_Data block_.

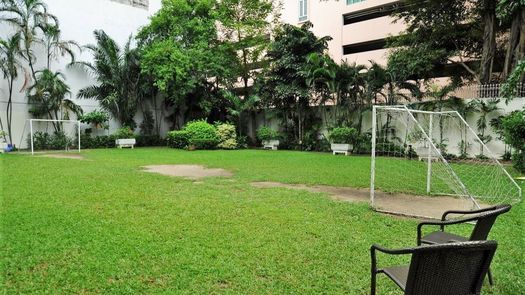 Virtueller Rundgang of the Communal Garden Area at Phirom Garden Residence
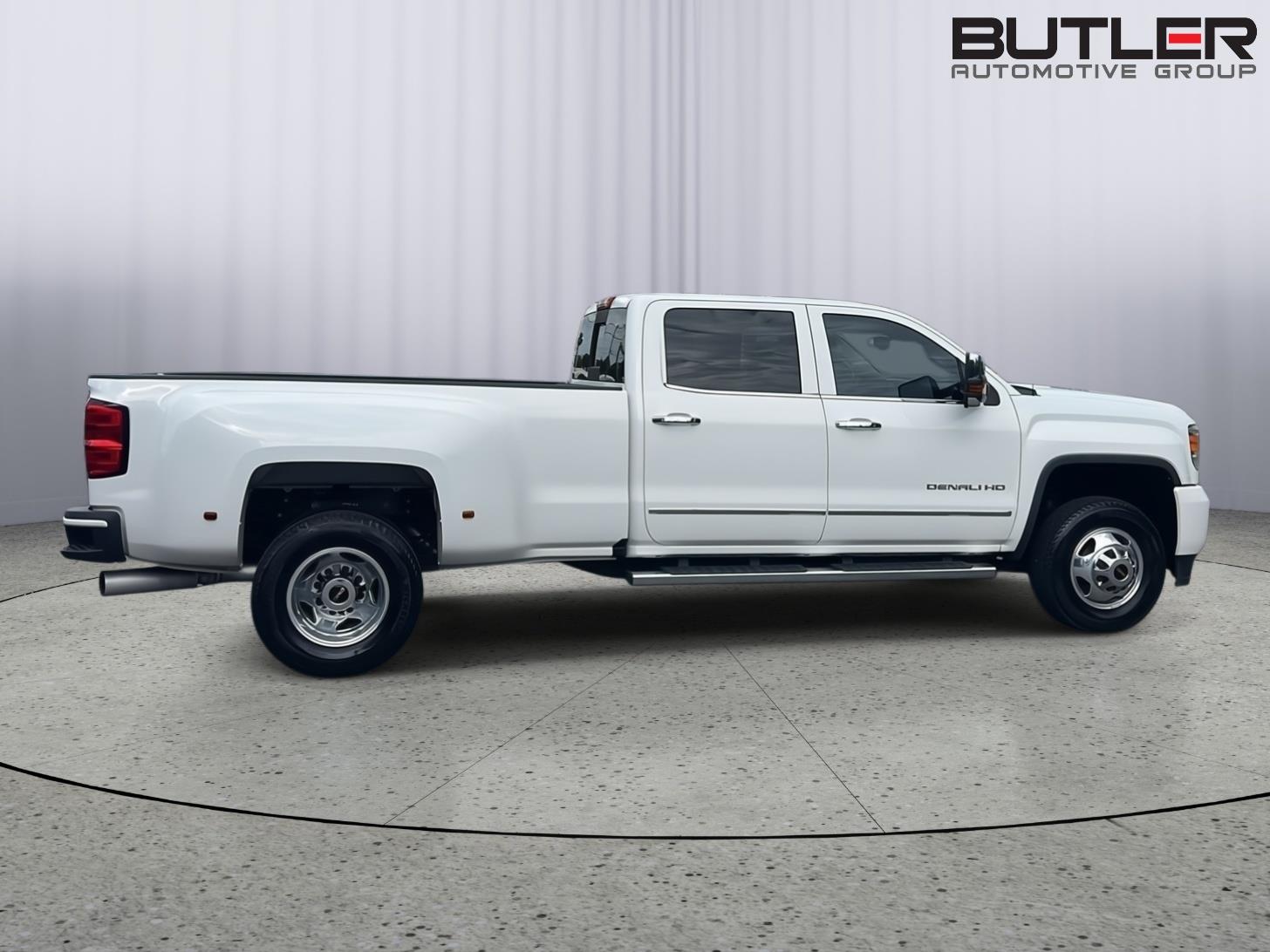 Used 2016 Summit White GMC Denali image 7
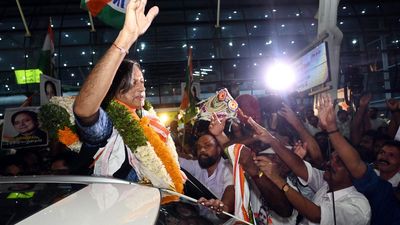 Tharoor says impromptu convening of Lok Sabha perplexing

_Your task_. Return nothing except the lines from the one containing "Used 2016 Summit White GMC Denali image 7" through the final line of the data, copied exactly. Leave out all pictures.

_Exercise response_.
 Used 2016 Summit White GMC Denali image 7
 Tharoor says impromptu convening of Lok Sabha perplexing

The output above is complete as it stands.